Nipple-sparing mastectomy (NSM) is a surgery that removes the breast tissue, but preserves the skin and nipple areola complex (NAC; nipple and areola). By retaining the natural parts of the breast, the procedure provides superior cosmetic and psychological benefit for the patient. However, the surgery may provide enhanced aesthetic outcomes at the expense of its oncological safety, and may be associated with cancer recurrence.
Many believe that the chance of residual cancer tissue at the base of the NAC is a major drawback when the nipple is spared. Studies to evaluate this risk have shown varied results. Many backward-looking studies have noticed low but long-term occurrence of cancer in the nipple-areola complex after nipple-sparing mastectomy.
However, others have demonstrated that the risk of cancer recurrence is low and the involvement of the nipple is very rare. If it does get infected, it can be removed surgically. A 2011 research studied more than 150 NSM surgeries across 21 years and found neither primary cancer nor recurrence following NSM. Many US studies have also confirmed that NAC can be performed with low rates of complications and recurrence. With this, the procedure is slowly entering the mainstream prevention and treatment modalities for breast cancer. It is being considered over skin-sparing mastectomy (in which the NAC is removed) in view of a better body image and higher patient satisfaction. The general occurrence of BRCA mutations in younger women has boosted its popularity even more.

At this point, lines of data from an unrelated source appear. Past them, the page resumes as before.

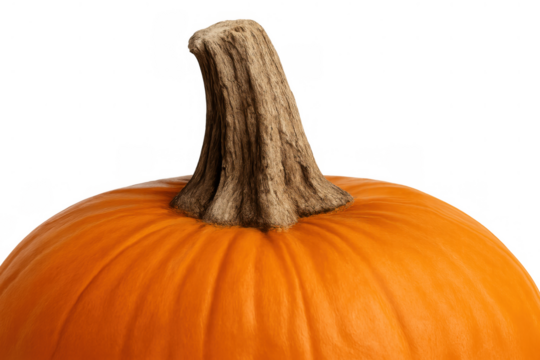 Orange pumpkin showing dry stem detail with transparent background representing autumn, harvest, and halloween concepts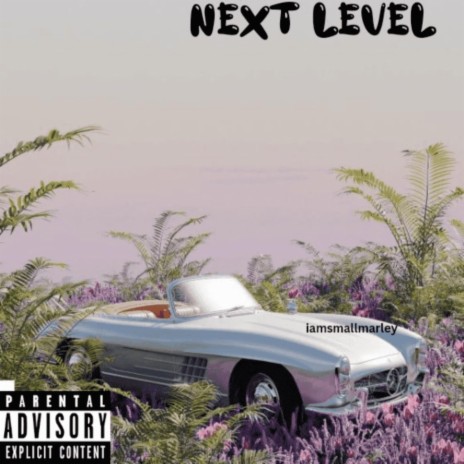 Next-Level | Boomplay Music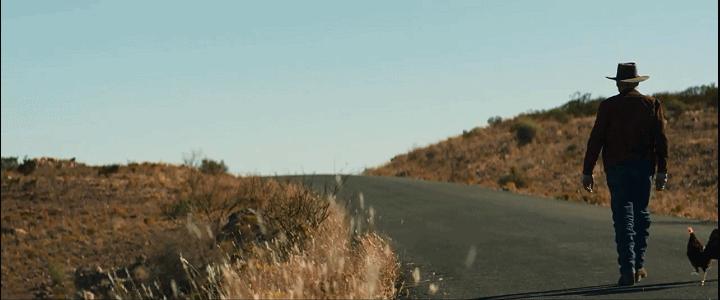 好莱坞惊艳的导演,好莱坞著名导演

However, it has been suggested that the procedure may not be appropriate for everyone and a careful selection based on the anatomy and breast pathology will play an important part in determining its success. Success can be achieved in those who are nonsmokers, not obese, and without pendulous breasts. The involvement of NAC was seen to be greater in the following cases:
A 2011 study (Billar et al, Ann Surg Oncol) concluded that clinical and imaging abnormalities at the NAC were sufficient to predict disease. The decision to spare the nipple is usually taken after analyzing the tissue below the areola.
Apart from providing aesthetic value and improving quality of life, the surgeon should strive to lower the chances of the cancer from coming back. An inverted sock technique of carefully and thoroughly clearing the underlying skin of the nipple and areola helps minimize recurrence.
Under the name of subcutaneous mastectomy, NSM was initially known for breast cancer prevention, fibrocystic disease, but not so much for cancer. Reports of primary cancer or recurrence in the residual tissue in the 1980s led to surgeons abandoning this technique until the past few years when it regained its popularity. Surgical problems, like the difficulty in removing the entire breast through a limited opening, increased complications of wound formation and tissue death, have discouraged the practice. The current nipple-sparing mastectomy surgery involves a more radical removal of the breast when compared to the subcutaneous mastectomy.
However, if the procedure fails to optimize or enhance the overall cosmetic outcome, it may not hold greater advantage over skin sparing mastectomy, which is simpler and associated with lower complications. In addition, with the high potential for improved cosmetic value, the nipple-sparing mastectomy will be worthwhile for the patient if the benefits override the probable chances of oncologic risk even if it is low.